__Data extract__.

......

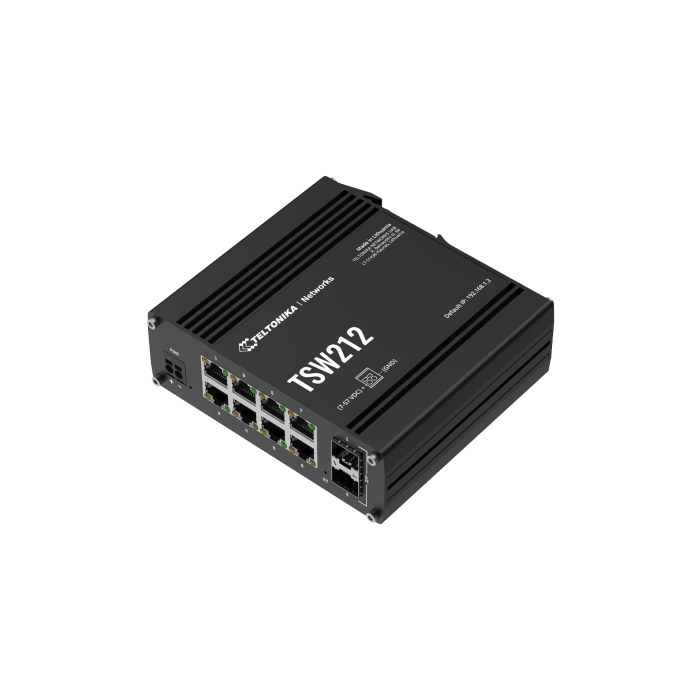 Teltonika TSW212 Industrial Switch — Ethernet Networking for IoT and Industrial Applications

......

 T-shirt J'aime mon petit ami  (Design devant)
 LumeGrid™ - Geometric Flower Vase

......

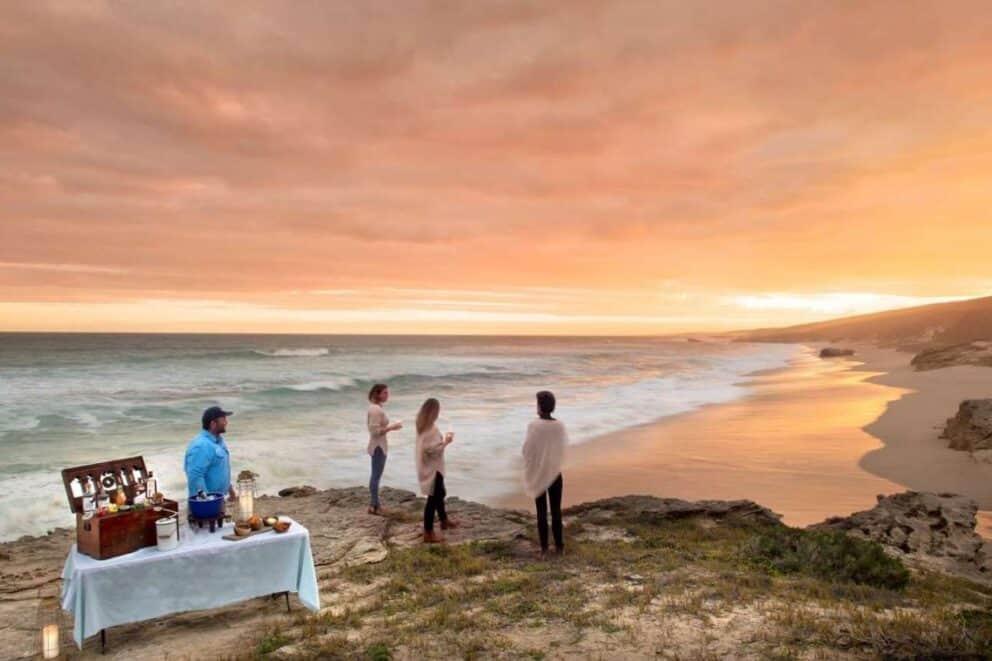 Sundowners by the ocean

......

What you return should be exactly the lines above, starting at the one with "T-shirt J'aime mon" and ending at the one with "LumeGrid™ - Geometric Flower Vase", and nothing else.

 T-shirt J'aime mon petit ami  (Design devant)
 LumeGrid™ - Geometric Flower Vase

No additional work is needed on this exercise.